Like clockwork the Big Tobacco (RJ Reynolds and others) sued California to block implementation of the state’s ban on the sale of flavored tobacco products (Proposition 31).
This is not surprising since the tobacco companies have a long history of filing unsuccessful lawsuits to scare local and state governments and slow things down. Unlike normal plaintiffs, they don’t just file suits they expect to win.
While not a lawyer, I would be surprised if this case goes anywhere. Senator Jerry Hill, who carried the flavor ban in the state legislature was well-aware that the tobacco companies would sue and carefully wrote the law to make it defensible in court. (Tobacco companies have sued over many other similar laws around the country and consistently filed in court.)
They most important fact is that, while granting FDA sole authority to regulate the content of tobacco products, Congress specifically empowered states and localities to pass laws regulating the sale of tobacco products.
Reynolds and its fellow plaintiffs also invokes the Constitution’s prohibitions on states interfering with interstate commence, writing, “The dormant Commerce Clause prohibits California from enforcing a law that ‘regulates or discriminates against interstate commerce, or when its effect is to favor in-state economic interests over out-of-state interests.'” The important point here is that California did not implement the flavor ban to protect its economic interests by, for example, allowing in-state sale of flavored tobacco products while prohibiting the sale of out-of-state tobacco products. It implemented the flavor ban to protect health interests of its residents by prohibiting the sale of flavored tobacco products regardless of where they were manufactured.
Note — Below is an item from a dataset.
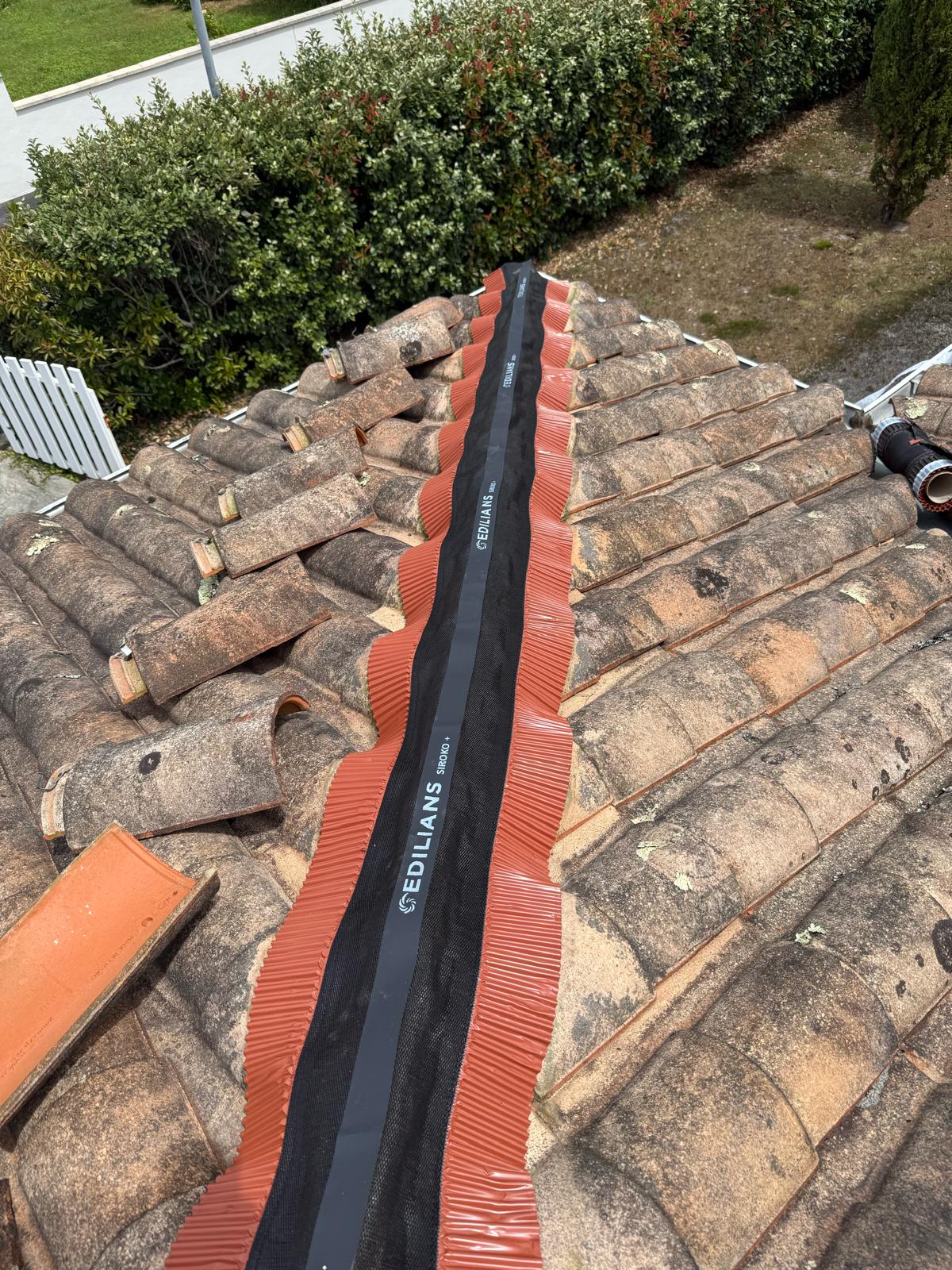 Démoussage à Lormont, réalisation Tourny Couverture (Gironde)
But, like the referendum itself, if RJ Reynolds and others can delay implementation of the law, it can keep making money selling it menthol cigarettes and other flavored products.
The immediate short-term concern is if Reynolds succeeds in getting an injunction delaying enforcement of the law while the lawsuit drags on. They would argue that the law will cause them “Irreparable injury.”
To counter this argument, I hope California Attorney General Rob Bonta argues that any delay would cause irreparable harm to the people of California, especially kids who will start using tobacco because of flavors.
Reynolds may be hoping that the MAGA Supreme Court will rescue them, but I doubt that even this court will want to rescue the tobacco companies given how clear Congress was in saying states and localities are empowered to pass such laws.
The FDA’s analysis of the effects of its proposed product standard banning menthol cigarettes provides a measure of the damage done by any delay. FDA estimated that every month delay in implementing the ban would result in an additional 29,403 new cigarette smokers and at least an additional 1,362 premature deaths in future years.
California has about 13% of the total US population, so, using the FDA estimates, every year of delay in implementing the California state flavored tobacco sales ban would mean 3800 more cigarette smokers and 180 additional premature deaths.
And, that’s just for cigarettes. There would be additional addicted kids and premature deaths from e-cigarettes, little cigars and other tobacco products.
Let’s hope the courts quickly dismiss this frivolous lawsuit.
The case is R. J. Reynolds Tobacco Company et al v. Bonta et al, Docket No. 3:22-cv-01755 (S.D. Cal. Nov 09, 2022), Court Docket.